Vectorization is the practice of applying operations to entire arrays at once, rather than iterating through elements. Vectorized operations in pandas are typically 10-100x faster than loops.

Why Vectorization Matters

The Problem with Loops

import pandas as pd
import numpy as np
import time

df = pd.DataFrame({
    'A': np.random.randn(100000),
    'B': np.random.randn(100000)
})

# Slow: iterating with a loop
def slow_sum(df):
    result = []
    for i in range(len(df)):
        result.append(df.iloc[i]['A'] + df.iloc[i]['B'])
    return result

# Even slower: iterrows
def slower_sum(df):
    result = []
    for idx, row in df.iterrows():
        result.append(row['A'] + row['B'])
    return result

The Vectorized Solution

# Fast: vectorized operation
df['C'] = df['A'] + df['B']

Performance Comparison

n = 100000
df = pd.DataFrame({
    'A': np.random.randn(n),
    'B': np.random.randn(n)
})

# Method 1: iterrows (slowest)
start = time.time()
result = []
for idx, row in df.iterrows():
    result.append(row['A'] + row['B'])
iterrows_time = time.time() - start

# Method 2: apply (slow)
start = time.time()
result = df.apply(lambda row: row['A'] + row['B'], axis=1)
apply_time = time.time() - start

# Method 3: vectorized (fast)
start = time.time()
result = df['A'] + df['B']
vector_time = time.time() - start

print(f"iterrows: {iterrows_time:.3f}s")
print(f"apply:    {apply_time:.3f}s")
print(f"vectorized: {vector_time:.6f}s")

Typical results:

iterrows: 4.521s
apply:    1.234s
vectorized: 0.001s

Common Vectorized Operations

Arithmetic

# Element-wise operations
df['sum'] = df['A'] + df['B']
df['diff'] = df['A'] - df['B']
df['product'] = df['A'] * df['B']
df['ratio'] = df['A'] / df['B']
df['power'] = df['A'] ** 2

Comparisons

# Returns boolean Series
mask = df['A'] > 0
mask = df['A'] >= df['B']
mask = (df['A'] > 0) & (df['B'] < 0)
mask = (df['A'] > 0) | (df['B'] > 0)

String Operations (with .str accessor)

df = pd.DataFrame({'text': ['hello', 'world', 'python']})

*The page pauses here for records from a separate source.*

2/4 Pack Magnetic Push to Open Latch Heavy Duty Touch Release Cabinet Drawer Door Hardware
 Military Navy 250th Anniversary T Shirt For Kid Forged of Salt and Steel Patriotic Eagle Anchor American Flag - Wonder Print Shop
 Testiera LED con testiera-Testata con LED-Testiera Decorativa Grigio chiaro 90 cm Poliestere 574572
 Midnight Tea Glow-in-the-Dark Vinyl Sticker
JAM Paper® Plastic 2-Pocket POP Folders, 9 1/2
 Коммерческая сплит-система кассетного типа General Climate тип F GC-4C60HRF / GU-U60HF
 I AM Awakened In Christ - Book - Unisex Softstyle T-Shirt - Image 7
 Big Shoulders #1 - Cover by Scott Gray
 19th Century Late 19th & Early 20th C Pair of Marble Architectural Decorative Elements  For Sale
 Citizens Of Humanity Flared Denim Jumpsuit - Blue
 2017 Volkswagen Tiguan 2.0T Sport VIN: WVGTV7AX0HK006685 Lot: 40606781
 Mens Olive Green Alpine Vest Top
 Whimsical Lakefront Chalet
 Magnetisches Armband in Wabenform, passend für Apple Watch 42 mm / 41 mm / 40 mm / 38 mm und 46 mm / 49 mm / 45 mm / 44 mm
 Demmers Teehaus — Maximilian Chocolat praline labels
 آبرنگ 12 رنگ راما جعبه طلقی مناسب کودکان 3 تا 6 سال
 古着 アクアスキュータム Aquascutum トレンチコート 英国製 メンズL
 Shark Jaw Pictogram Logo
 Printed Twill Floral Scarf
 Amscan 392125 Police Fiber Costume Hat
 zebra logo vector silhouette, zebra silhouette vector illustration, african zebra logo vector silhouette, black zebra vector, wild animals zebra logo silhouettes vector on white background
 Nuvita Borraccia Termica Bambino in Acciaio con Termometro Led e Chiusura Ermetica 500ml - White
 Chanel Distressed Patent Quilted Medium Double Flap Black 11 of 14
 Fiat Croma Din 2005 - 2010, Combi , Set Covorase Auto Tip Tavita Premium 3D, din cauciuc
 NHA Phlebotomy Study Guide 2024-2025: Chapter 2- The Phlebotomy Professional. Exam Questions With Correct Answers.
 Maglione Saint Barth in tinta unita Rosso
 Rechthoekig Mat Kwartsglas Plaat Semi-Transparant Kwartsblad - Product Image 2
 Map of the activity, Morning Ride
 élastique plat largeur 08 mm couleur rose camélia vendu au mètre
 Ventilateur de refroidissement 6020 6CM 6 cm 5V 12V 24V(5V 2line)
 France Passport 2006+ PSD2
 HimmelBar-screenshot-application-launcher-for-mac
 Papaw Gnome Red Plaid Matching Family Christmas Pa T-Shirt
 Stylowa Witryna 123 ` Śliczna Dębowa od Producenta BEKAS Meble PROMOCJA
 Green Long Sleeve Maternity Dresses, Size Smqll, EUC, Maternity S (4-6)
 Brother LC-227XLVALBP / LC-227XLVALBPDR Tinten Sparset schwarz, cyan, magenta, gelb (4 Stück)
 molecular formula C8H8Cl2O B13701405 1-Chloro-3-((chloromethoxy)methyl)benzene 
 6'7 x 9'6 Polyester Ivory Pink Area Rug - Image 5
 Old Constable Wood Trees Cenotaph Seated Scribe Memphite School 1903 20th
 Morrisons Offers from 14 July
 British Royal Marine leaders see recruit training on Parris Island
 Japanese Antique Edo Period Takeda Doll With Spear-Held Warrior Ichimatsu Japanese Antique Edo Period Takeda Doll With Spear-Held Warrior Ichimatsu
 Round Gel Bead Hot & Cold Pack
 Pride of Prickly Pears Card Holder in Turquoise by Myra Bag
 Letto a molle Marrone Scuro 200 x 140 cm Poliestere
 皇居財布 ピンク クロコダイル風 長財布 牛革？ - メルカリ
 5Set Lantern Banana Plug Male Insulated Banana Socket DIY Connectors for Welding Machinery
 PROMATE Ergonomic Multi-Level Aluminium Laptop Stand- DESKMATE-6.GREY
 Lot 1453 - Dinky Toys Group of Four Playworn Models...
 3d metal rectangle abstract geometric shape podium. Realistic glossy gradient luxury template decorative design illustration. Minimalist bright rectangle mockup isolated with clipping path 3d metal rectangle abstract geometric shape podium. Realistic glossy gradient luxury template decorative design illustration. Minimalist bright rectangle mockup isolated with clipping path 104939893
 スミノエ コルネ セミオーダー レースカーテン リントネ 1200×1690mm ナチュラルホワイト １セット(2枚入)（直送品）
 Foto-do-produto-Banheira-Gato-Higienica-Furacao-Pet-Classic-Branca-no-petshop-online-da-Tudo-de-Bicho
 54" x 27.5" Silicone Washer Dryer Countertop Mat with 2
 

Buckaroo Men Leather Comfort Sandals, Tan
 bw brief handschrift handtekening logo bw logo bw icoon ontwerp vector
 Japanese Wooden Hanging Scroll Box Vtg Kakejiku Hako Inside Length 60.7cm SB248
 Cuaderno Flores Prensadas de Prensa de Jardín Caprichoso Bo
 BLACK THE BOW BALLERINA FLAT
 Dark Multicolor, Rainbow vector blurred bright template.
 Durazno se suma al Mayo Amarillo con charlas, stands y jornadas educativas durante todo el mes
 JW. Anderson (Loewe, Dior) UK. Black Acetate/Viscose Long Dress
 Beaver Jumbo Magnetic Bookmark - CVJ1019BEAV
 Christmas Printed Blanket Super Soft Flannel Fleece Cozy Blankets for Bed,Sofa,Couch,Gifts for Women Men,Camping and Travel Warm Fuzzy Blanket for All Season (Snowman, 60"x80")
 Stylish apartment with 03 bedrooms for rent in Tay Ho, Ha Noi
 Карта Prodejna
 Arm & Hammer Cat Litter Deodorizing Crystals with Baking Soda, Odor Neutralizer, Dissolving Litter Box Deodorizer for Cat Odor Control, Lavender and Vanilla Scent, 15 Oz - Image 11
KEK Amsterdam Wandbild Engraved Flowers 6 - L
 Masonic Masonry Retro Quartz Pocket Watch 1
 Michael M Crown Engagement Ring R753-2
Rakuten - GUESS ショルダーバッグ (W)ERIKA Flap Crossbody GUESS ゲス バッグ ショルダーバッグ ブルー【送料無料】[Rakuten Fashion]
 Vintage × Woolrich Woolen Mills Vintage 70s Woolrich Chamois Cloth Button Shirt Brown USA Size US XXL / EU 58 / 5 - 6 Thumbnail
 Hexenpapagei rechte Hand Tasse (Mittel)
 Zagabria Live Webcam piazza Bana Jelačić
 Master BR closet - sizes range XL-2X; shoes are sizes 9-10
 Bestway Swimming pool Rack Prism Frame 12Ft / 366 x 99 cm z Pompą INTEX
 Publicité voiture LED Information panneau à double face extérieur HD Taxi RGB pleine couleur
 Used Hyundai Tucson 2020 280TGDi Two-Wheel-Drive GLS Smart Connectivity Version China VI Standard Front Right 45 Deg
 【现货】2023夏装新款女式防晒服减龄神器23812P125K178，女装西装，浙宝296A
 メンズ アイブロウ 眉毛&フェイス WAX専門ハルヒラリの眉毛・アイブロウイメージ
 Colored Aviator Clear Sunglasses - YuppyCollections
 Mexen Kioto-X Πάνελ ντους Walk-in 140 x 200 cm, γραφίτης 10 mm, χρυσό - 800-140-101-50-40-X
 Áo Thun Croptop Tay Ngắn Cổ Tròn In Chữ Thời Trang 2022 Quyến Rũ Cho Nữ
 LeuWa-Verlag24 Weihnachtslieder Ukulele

# Vectorized string operations
df['upper'] = df['text'].str.upper()
df['length'] = df['text'].str.len()
df['contains_o'] = df['text'].str.contains('o')

Datetime Operations (with .dt accessor)

df = pd.DataFrame({'date': pd.date_range('2024-01-01', periods=100)})

# Vectorized datetime operations
df['year'] = df['date'].dt.year
df['month'] = df['date'].dt.month
df['weekday'] = df['date'].dt.dayofweek

Replacing Loops with Vectorization

Conditional Assignment

# Instead of:
for i in range(len(df)):
    if df.loc[i, 'A'] > 0:
        df.loc[i, 'result'] = 'positive'
    else:
        df.loc[i, 'result'] = 'negative'

# Use:
df['result'] = np.where(df['A'] > 0, 'positive', 'negative')

Multiple Conditions

# Instead of complex if-elif-else in loop:
conditions = [
    df['A'] > 1,
    df['A'] > 0,
    df['A'] > -1
]
choices = ['high', 'medium', 'low']
df['category'] = np.select(conditions, choices, default='very_low')

Cumulative Operations

# Instead of loop with running total:
df['cumsum'] = df['A'].cumsum()
df['cumprod'] = df['A'].cumprod()
df['cummax'] = df['A'].cummax()
df['cummin'] = df['A'].cummin()

Shifting and Differencing

# Instead of loop comparing to previous row:
df['prev_A'] = df['A'].shift(1)
df['change'] = df['A'].diff()
df['pct_change'] = df['A'].pct_change()

Rolling Operations

# Instead of loop calculating moving average:
df['rolling_mean'] = df['A'].rolling(window=5).mean()
df['rolling_std'] = df['A'].rolling(window=5).std()
df['rolling_sum'] = df['A'].rolling(window=5).sum()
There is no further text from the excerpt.